• **WHAT THIS TASK INVOLVES**
All lines below must be repeated exactly, with the pictures omitted.

>>>

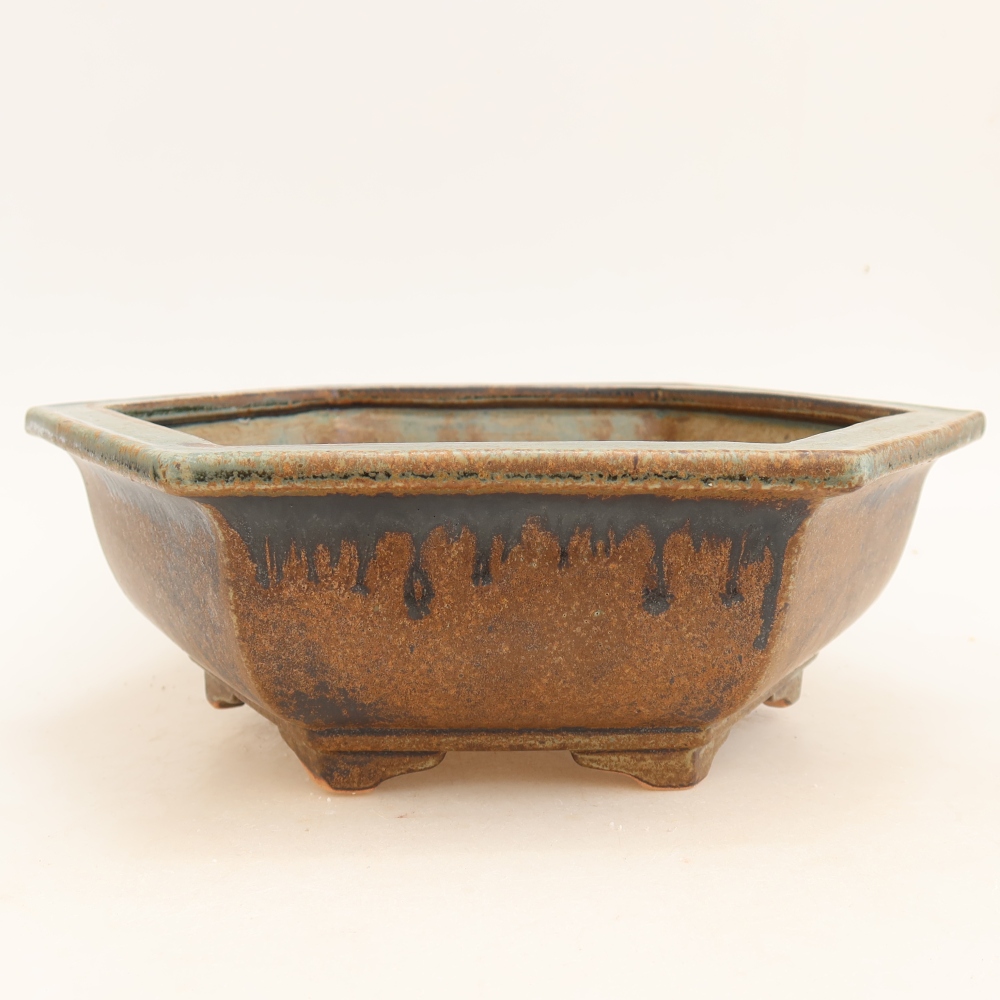 Keramik-Bonsai-Schale 28 x 24,5 x 9 cm, Farbe: braun-grün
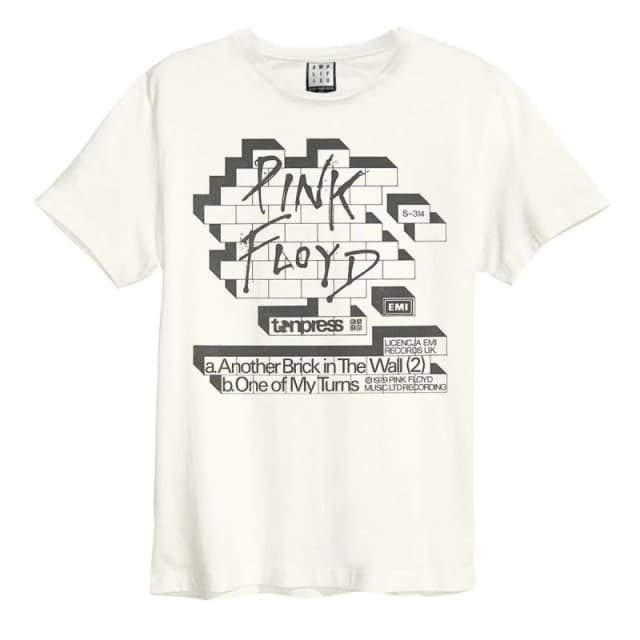 Amplified Amplified Men Poster Pink Floyd Vintage T-Shirt in White Size: Small White S Male 5063470957859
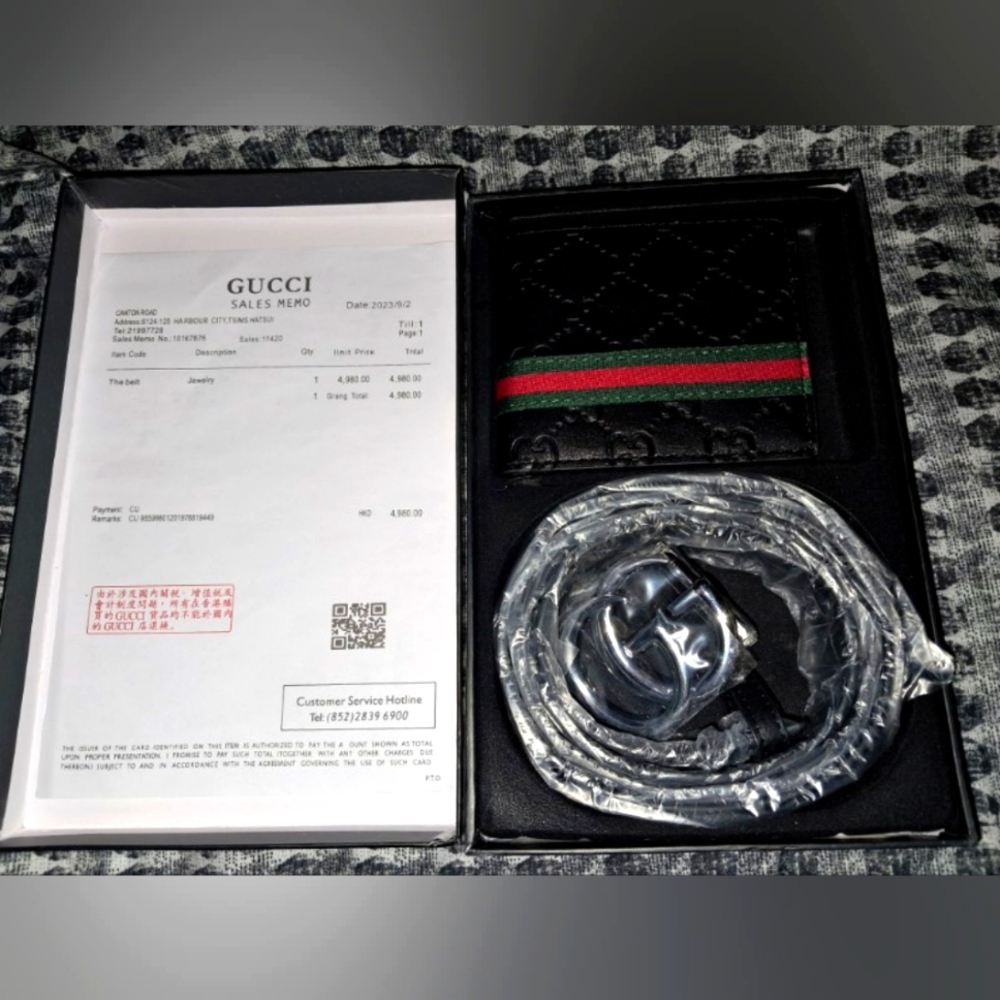 Brand new Gucci belt and wallet set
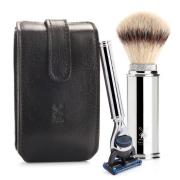 Coffret Rasage PLISSON Essentiel - Monture Bleu Nuit - Blaireau De Rasage NEUF Homme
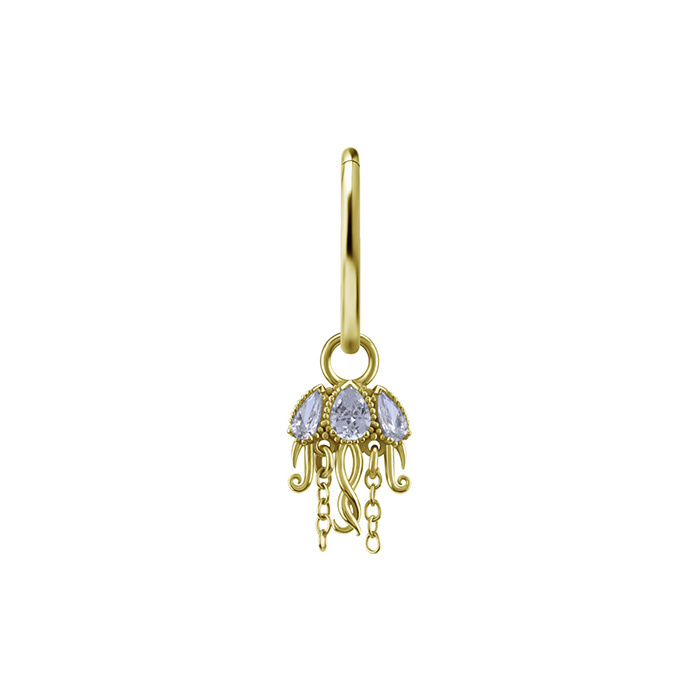 Charms - CoCr NF - triangle with white zircons - gold - D-070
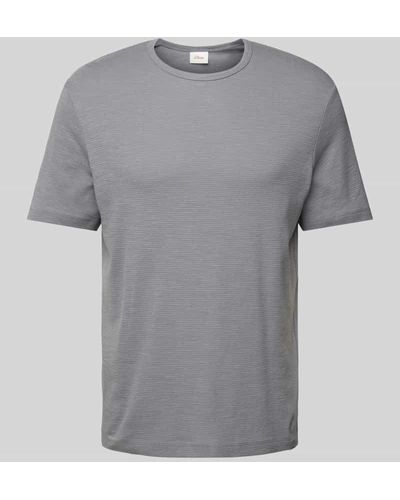 S.oliver T-Shirt mit Strukturmuster - Grau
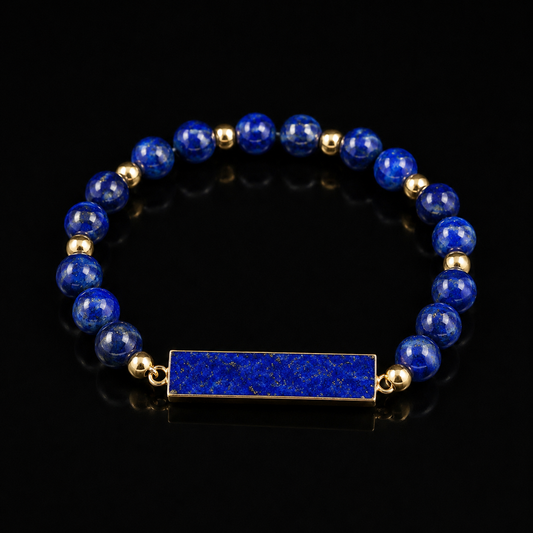 Midnight Blue & Gold Bar Beaded Bracelet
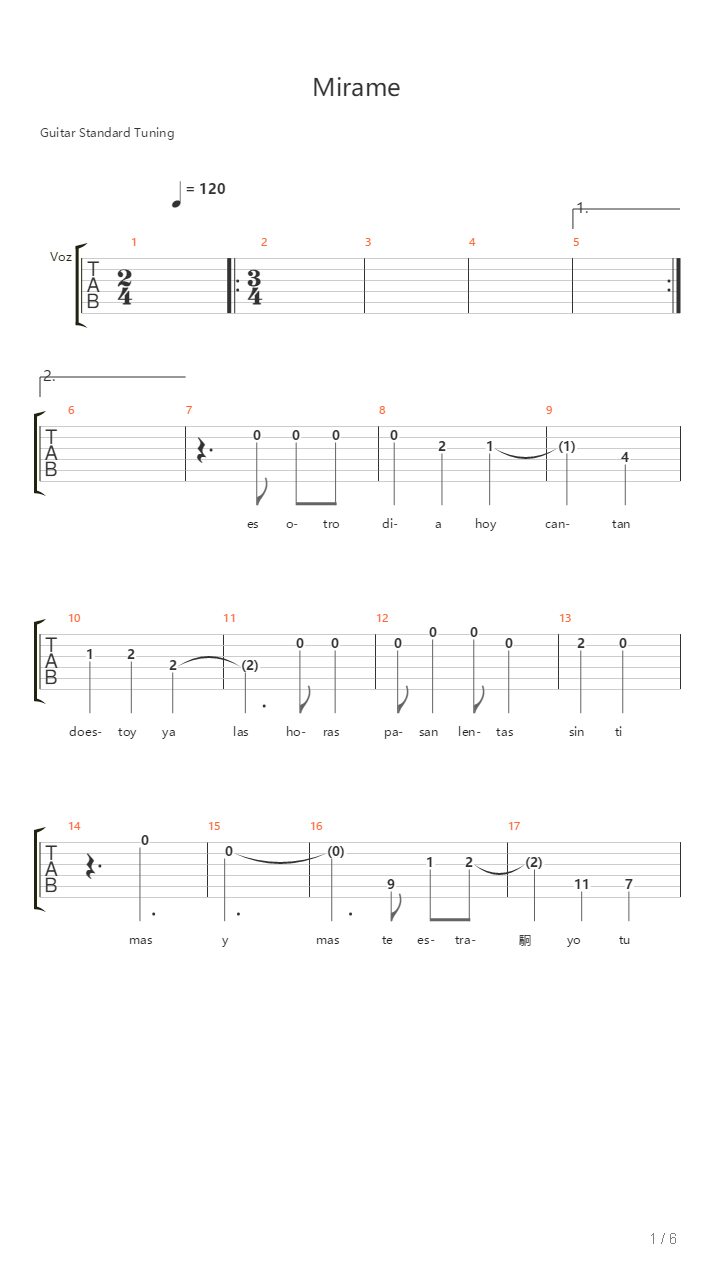 Mirame Otra Vez吉他谱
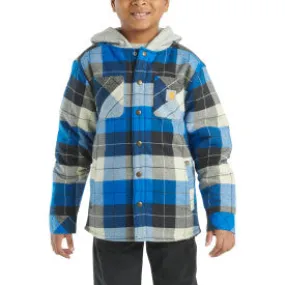 Youth Boys Long Sleeve Flannel Button Down Hooded Shirt Jacket - Caviar Black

<<<

• **THE ANSWER**
 Keramik-Bonsai-Schale 28 x 24,5 x 9 cm, Farbe: braun-grün
 Amplified Amplified Men Poster Pink Floyd Vintage T-Shirt in White Size: Small White S Male 5063470957859
 Brand new Gucci belt and wallet set
 Coffret Rasage PLISSON Essentiel - Monture Bleu Nuit - Blaireau De Rasage NEUF Homme
 Charms - CoCr NF - triangle with white zircons - gold - D-070
 S.oliver T-Shirt mit Strukturmuster - Grau
 Midnight Blue & Gold Bar Beaded Bracelet
 Mirame Otra Vez吉他谱
 Youth Boys Long Sleeve Flannel Button Down Hooded Shirt Jacket - Caviar Black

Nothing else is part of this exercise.